Der am Institut für Weltwirtschaft tätige Soziologe Rudolf Heberle ist wohl ein Beispiel für eine gewisse Normalität des „Nichtverfolgtseins“. Er schreibt 1934 seine Eindrücke in ein Notizbuch28.

Man weiß genau, daß der radikale vollkommene Nationalsozialismus, wie alle Kulturgüter des Liberalismus, auch die Freiheit der Wissenschaft negiert, aber man macht sich vor, daß die Freiheit der Wissenschaft von den „vernünftigen Nationalsozialisten” geschützt werden werde (wobei ich die Frage offen lassen will, ob nicht auch der Nationalsozialismus in the long run Freiheit der Wissenschaft [auch der Sozialwissenschaft] b r a u c h t ).29

In diesem Bericht findet sich eine gewisse tastende Unsicherheit über den Fortgang der Herrschaft der NSDAP. Rudolf Heberle kommt in seinen zeitgenössischen soziologischen Beobachtungen aber doch zu Resultaten, die sein Tasten eigentlich unsinnig machen.

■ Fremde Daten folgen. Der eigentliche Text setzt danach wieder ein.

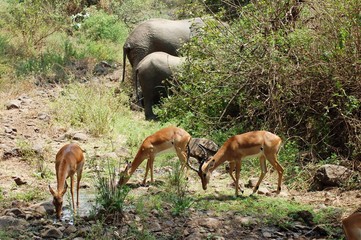 Naklejka na ściany i meble antelopes in the Lake Manyara National Park - Tanzania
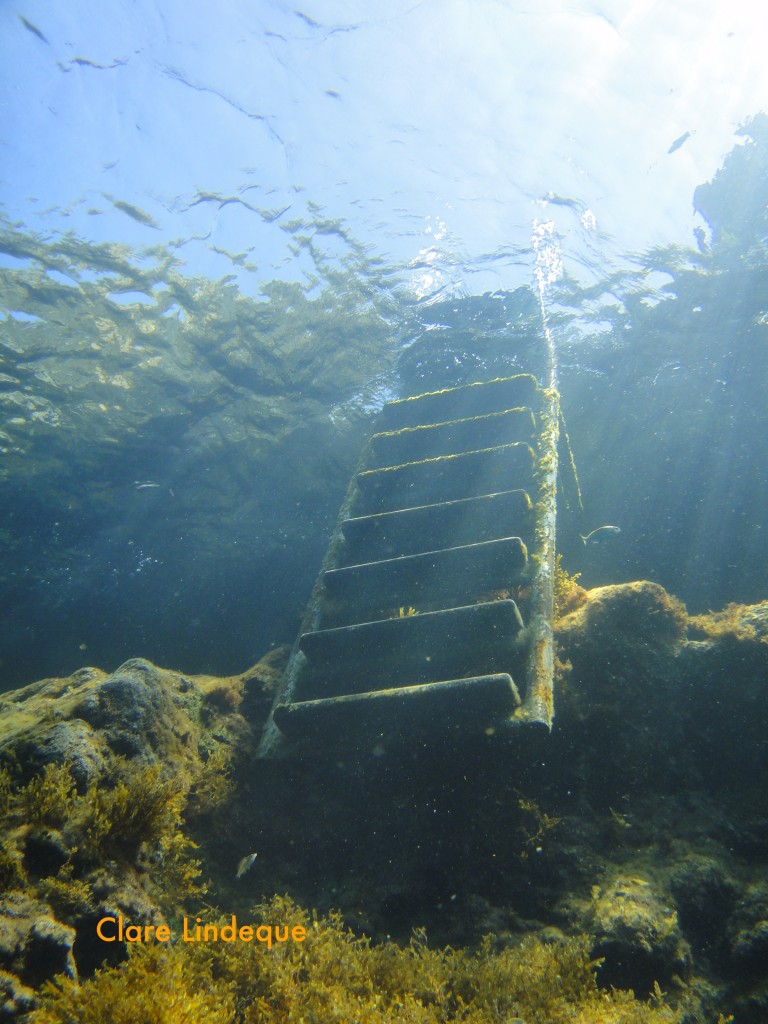 The ladder by which we exited the water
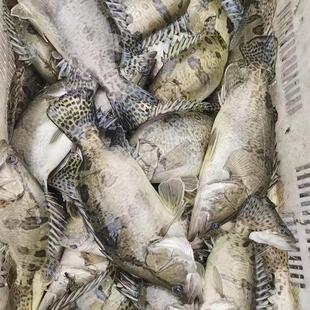 苏北生态新鲜鳜鱼鲜活桂鱼活鱼虾冷冻生鲜季花桂花鳌花鱼淡水鱼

So schreibt er nur eine Seite später:

Der Nationalsozialismus ist nicht nur für viele seiner Anhänger, psychologisch gesehen, ein Religionsersatz … was sich u. a. in dem häufigen Gebrauch biblischer Phraseologie in nationalsozialistischen Reden zeigt — sondern die NSDAP beansprucht für das Gebiet der Öffentlichen Meinung genau dieselbe Stellung, die die römische Kirche für das Gebiet des Glaubens in Anspruch nimmt. Sie kann daher wissenschaftliche Forschung nicht dulden, wenn sie zu Ergebnissen führt, welche mit den Dogmen des Nationalsozialismus in absolutem Widerspruch stehen.30

Die doch noch vorhandene Vielfalt der Haltungen beschreibt Heberle in einer Gruppenanalyse, die sehr gut die Stimmungslage im Institut wiedergibt und deshalb ausführlich wiedergegeben wird31. Hier geht es um die Verhaltensweisen der Institutsmitarbeiter.

Einige, die ehrlich, aber nicht sehr klardenkend sind, haben ganz bewußt das Opfer des Intellekts gebracht und sich entschlossen unter Bruch mit ihrem bisherigen Standpunkt zum neuen Regime bekannt; sie arbeiten aktiv mit, wo sie können, und versuchen, sich den Geist des NS zu eigen zu machen.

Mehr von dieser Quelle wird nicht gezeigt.